TASK DIRECTIONS »
Start to finish, retype the entries exactly while omitting the pictures.

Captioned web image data
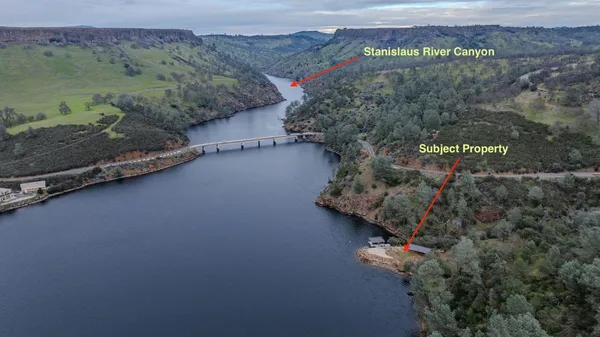 $1,390,000 | 15000 Old O'Byrnes Ferry Road, Jamestown, CA 95327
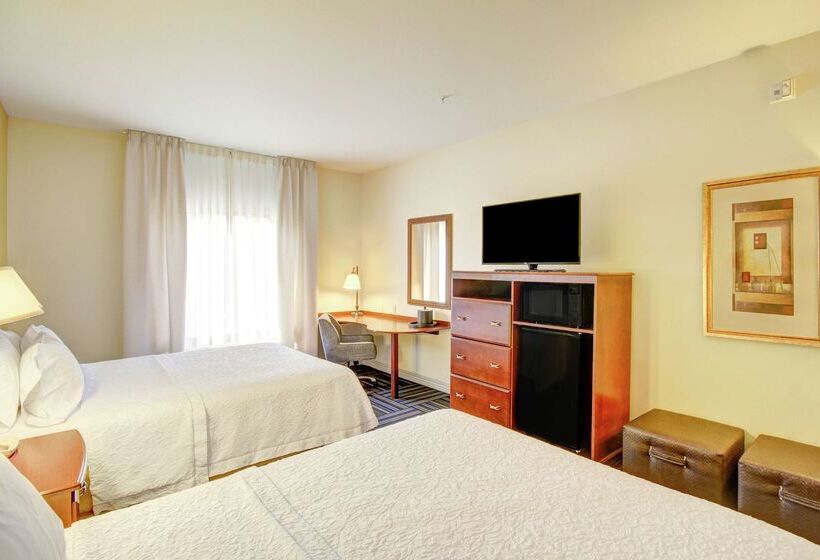 בית מלון כפרי Hampton Inn & Suites Alexandria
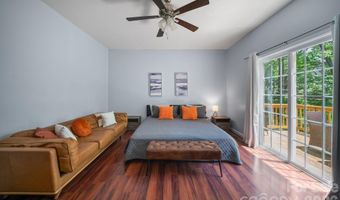 7 Apple Ln, Asheville, NC 28804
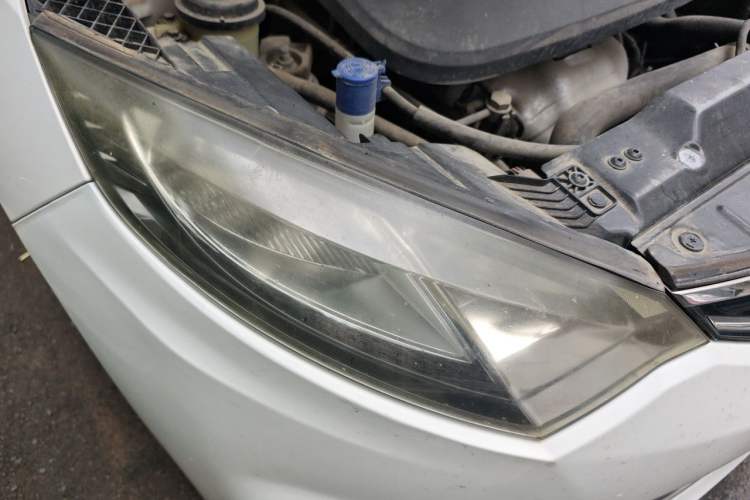 Used CHANGAN Eado 2015 1.6L Automatic Junku Model China V Standard Right Front Headlight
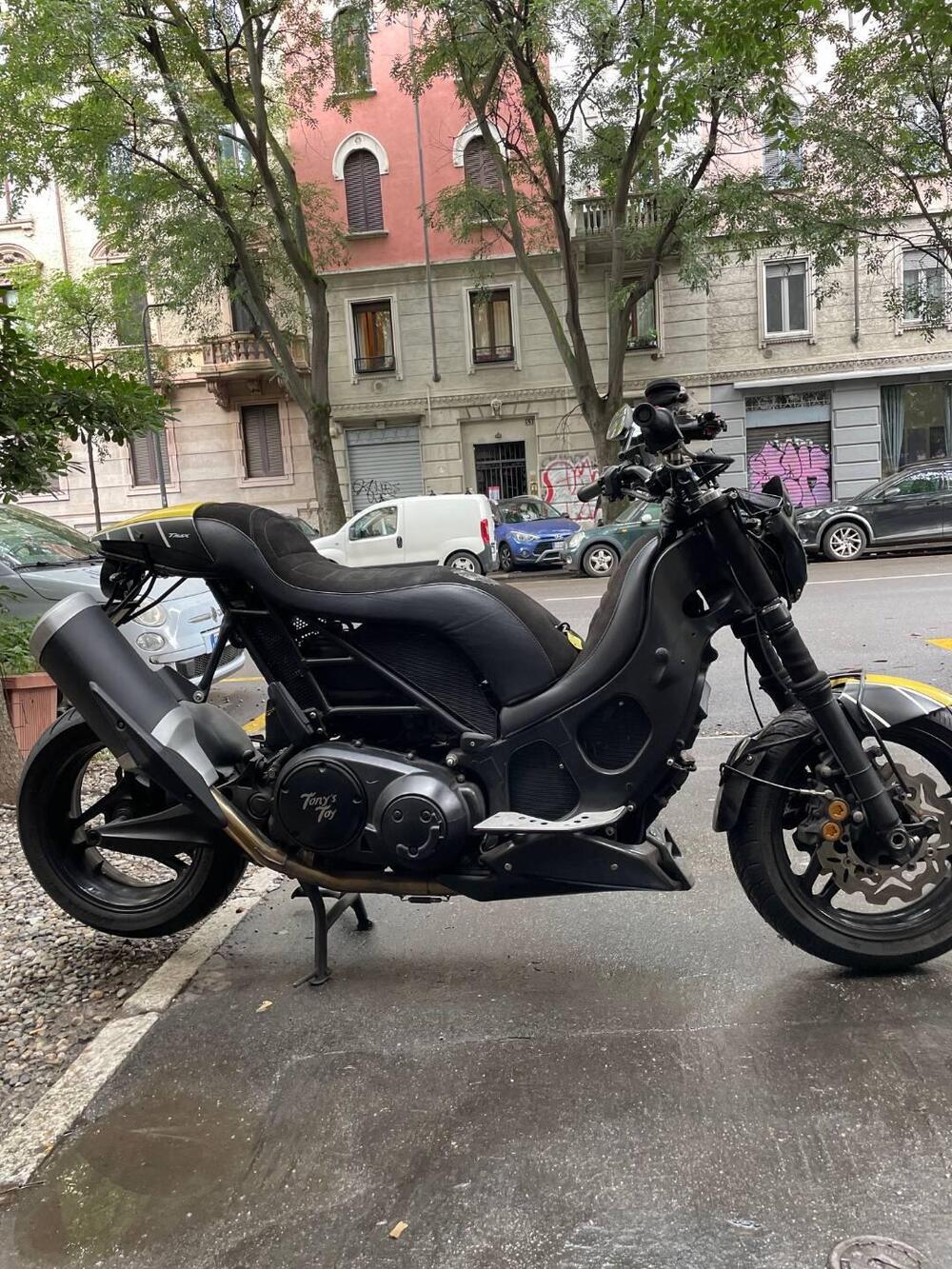 Yamaha T-Max 500 (2008 - 12) (3)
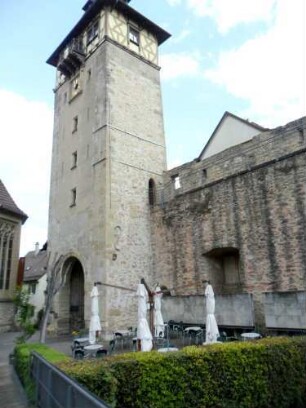 Stadtbefestigung - Stadttor (oberer Torturm) von Südwesten mit Stadtmauer (Wehrgang mit Steinbrüstung)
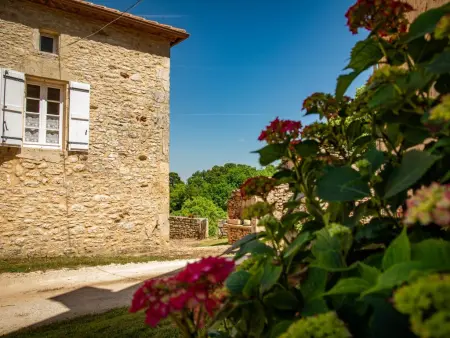 Gite Girou Haut, Maison de vacances avec piscine privée et vue - Photo 37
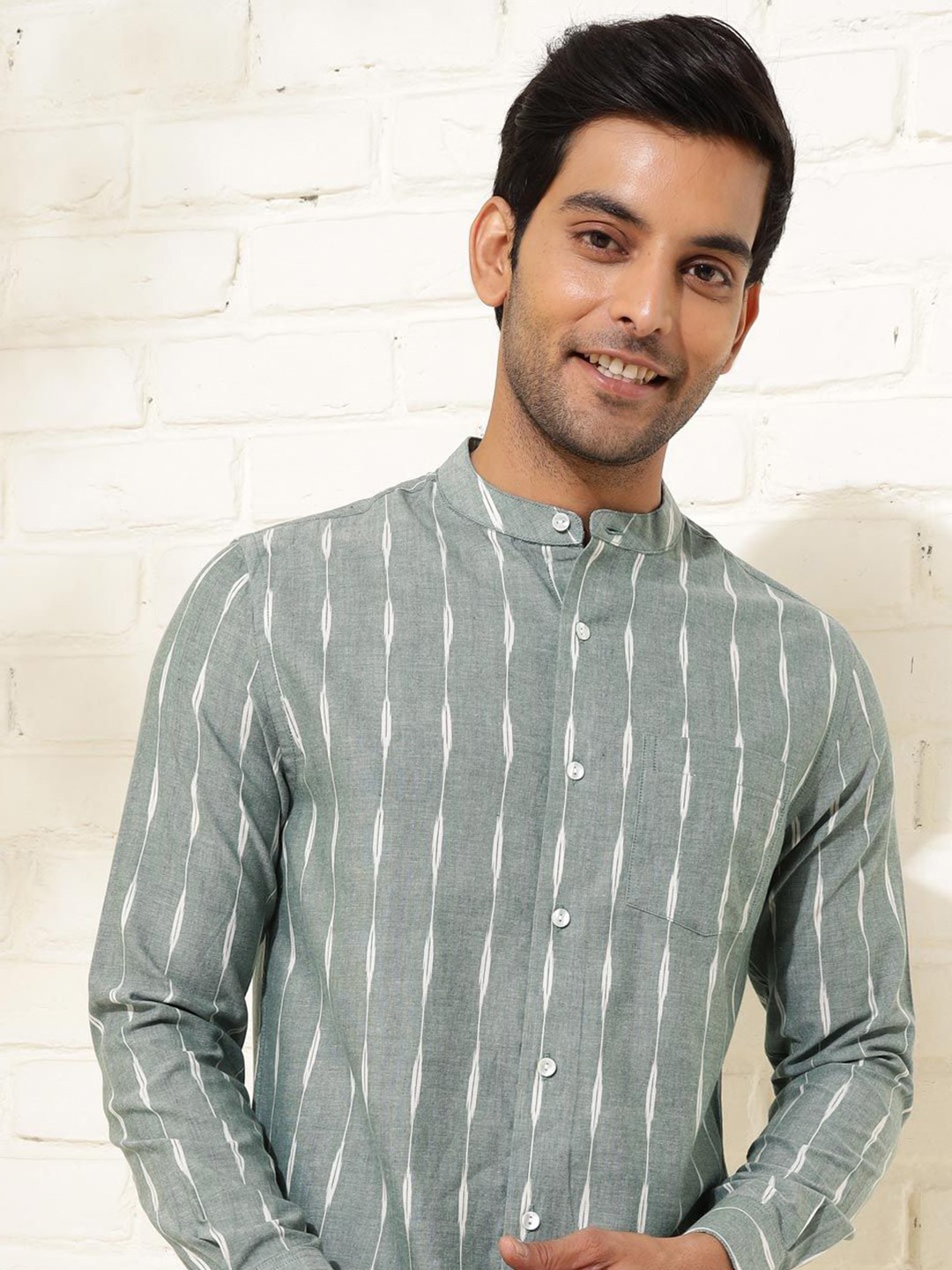 

Fabindia Men Slim Fit Opaque Striped Casual Shirt, Green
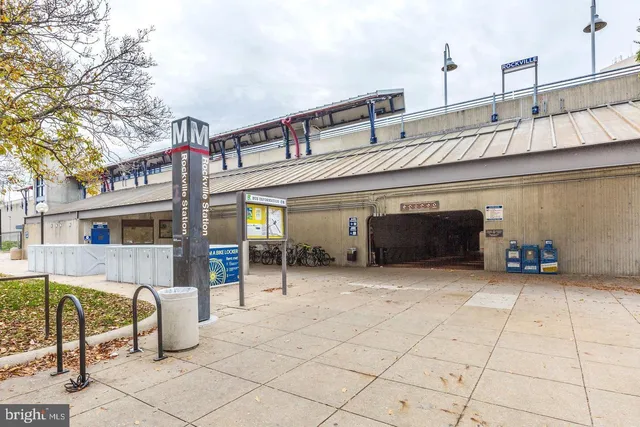 $2,590 | 4 Monroe Street, Unit 802, Rockville, MD 20850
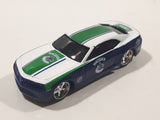2010 Maisto Top Dog Vancovuer Canucks NHL Ice Hockey Team 2006 Chevrolet Camaro Concept White Die Cast Toy Car Vehicle 1:64 Scale with Rubber Tires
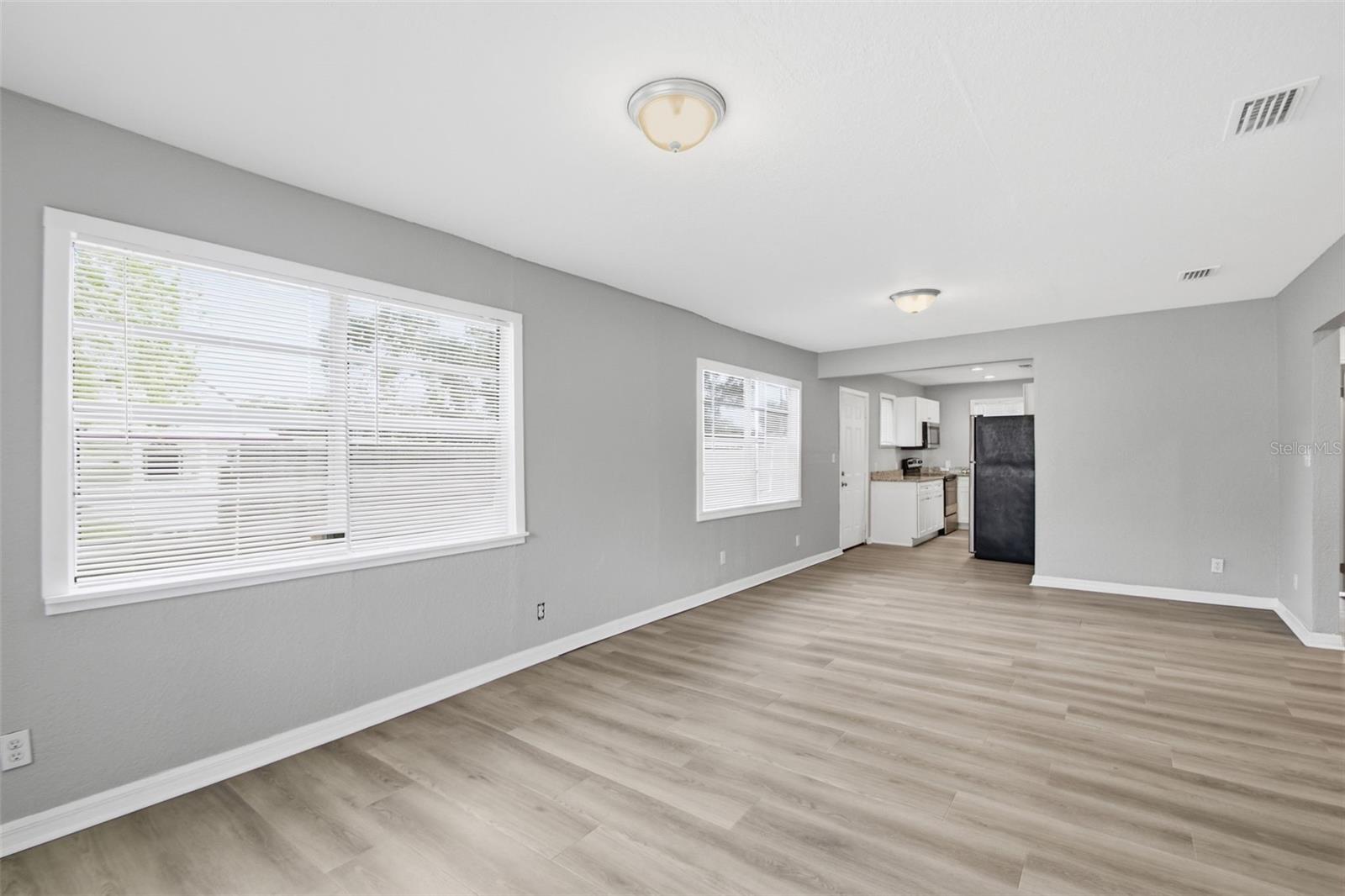 1743 30th, St Petersburg, FL 33712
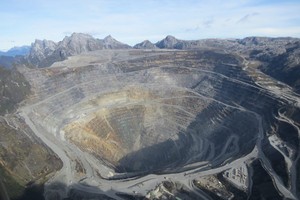 Kawah Raksasa Buatan Manusia di Papua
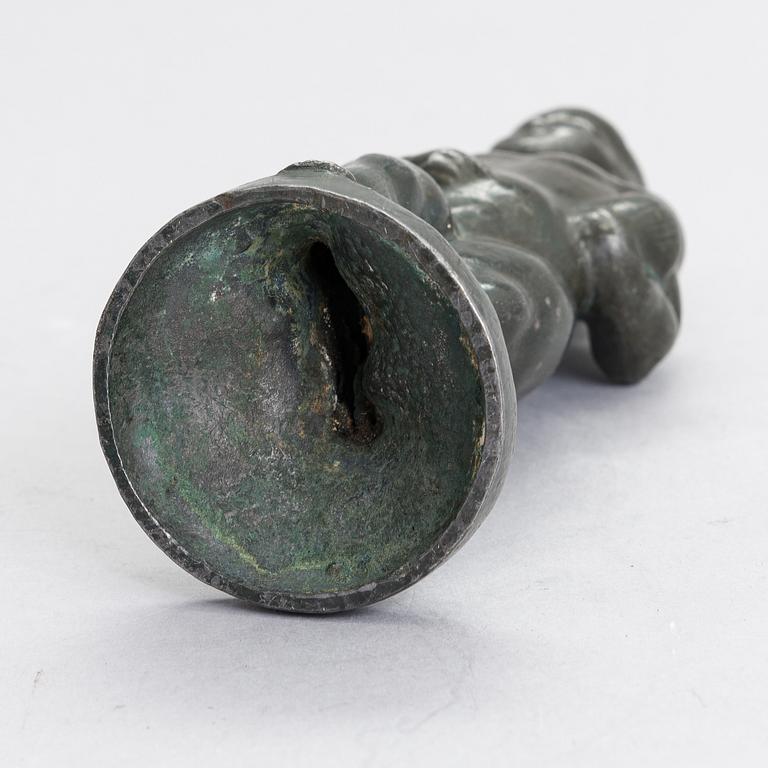 Hjalmar Stenholm, pronssiveistos, signeerattu.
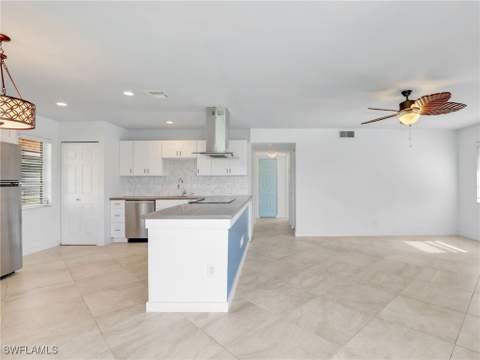 1400 Pompei Ln 52, Naples FL - photo 9 of 30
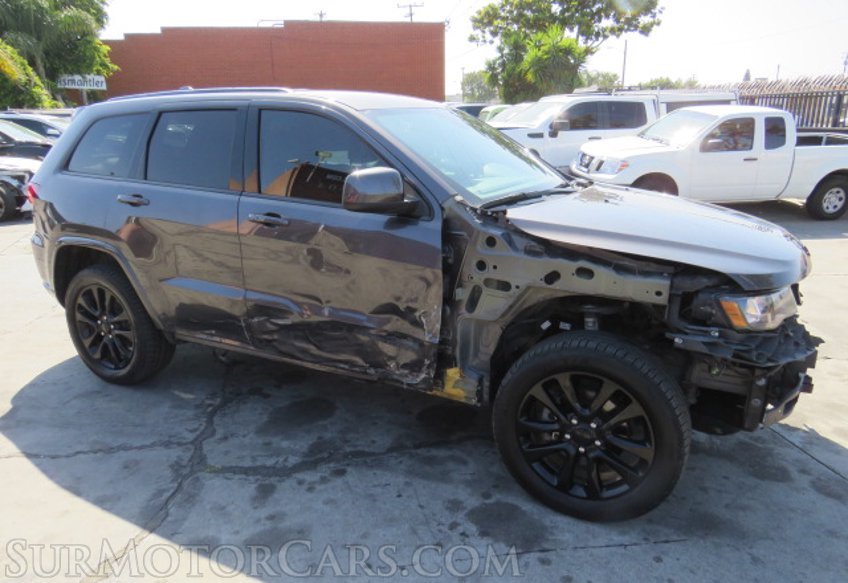 2017 Jeep Grand Cherokee - Image 4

TASK SOLUTION »
 $1,390,000 | 15000 Old O'Byrnes Ferry Road, Jamestown, CA 95327
 בית מלון כפרי Hampton Inn & Suites Alexandria
 7 Apple Ln, Asheville, NC 28804
 Used CHANGAN Eado 2015 1.6L Automatic Junku Model China V Standard Right Front Headlight
 Yamaha T-Max 500 (2008 - 12) (3)
 Stadtbefestigung - Stadttor (oberer Torturm) von Südwesten mit Stadtmauer (Wehrgang mit Steinbrüstung)
 Gite Girou Haut, Maison de vacances avec piscine privée et vue - Photo 37

Fabindia Men Slim Fit Opaque Striped Casual Shirt, Green
 $2,590 | 4 Monroe Street, Unit 802, Rockville, MD 20850
2010 Maisto Top Dog Vancovuer Canucks NHL Ice Hockey Team 2006 Chevrolet Camaro Concept White Die Cast Toy Car Vehicle 1:64 Scale with Rubber Tires
 1743 30th, St Petersburg, FL 33712
 Kawah Raksasa Buatan Manusia di Papua
 Hjalmar Stenholm, pronssiveistos, signeerattu.
 1400 Pompei Ln 52, Naples FL - photo 9 of 30
 2017 Jeep Grand Cherokee - Image 4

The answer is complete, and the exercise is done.